Per il presidente del Comitato italiano paralimpico Pancalli «è urgente cambiare il nostro sistema di welfare che da assistenzialistico diventi attivo»
Sul piano sportivo quest’anno l’Italia ha spesso messo dietro gli atleti delle altre compagini nazionali. Anche alle Paralimpiadi di Tokyo i nostri colori sono stati difesi alla grande. Sono state 69 le medaglie conquistato dagli azzurri. Questi trionfi sono il frutto di allenamenti e terapie specifiche. Allenamenti che, in taluni casi, rafforzano o addirittura possono sostituirsi alle terapie riabilitativa. Una pratica che si chiama SporTerapia. Istituire discipline sportive per persone con disabilità è sicuramente utile in termini pratici, in quanto anche la componente psicologica ha una forte rilevanza. Anche sul piano sociale Un modo per ricostruire se stessi, ritrovare la propria autonomia.
Tra le malattie sulle quali influisce maggiormente lo sport ci sono la depressione, il diabete, l’ipertensione.
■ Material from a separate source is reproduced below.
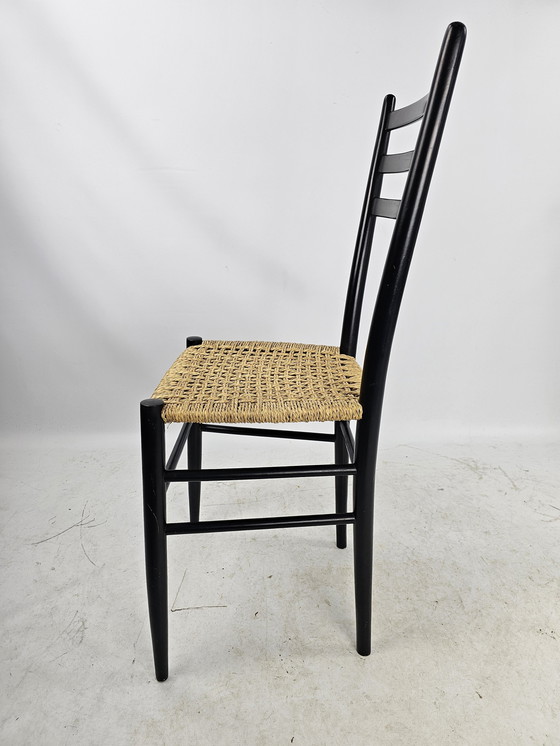 Image 1 of 4x Italiaanse houten stoelen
Chiaramente per ogni patologia è indicata una pratica sportiva diversa. E ad indicarla devono essere dei professionisti, come gli stessi terapeuti. Ma ci sono diverse altre malattie che possono essere sostenute dallo sport. Lo studio realizzato dall’Anpis ha rivelato che la vela aiuta le condizioni di vita dei soggetti con disturbi mentali e riduce la medicalizzazione e la spesa sanitaria locale. Le urgenze psichiatriche sono state abbattute del 70 per cento. Il miglioramento della qualità della vita percepito dai pazienti è stato del 100 per cento. E può favorire l’inclusione delle persone con disabilità. Come hanno insegnato gli eventi Vela&Psiche organizzato pochi giorni fa ad Ancona, Montenero in Vela, organizzato dal giornale online Non Solo Nautica, od il progetto Ingegnamoci a Cagliari.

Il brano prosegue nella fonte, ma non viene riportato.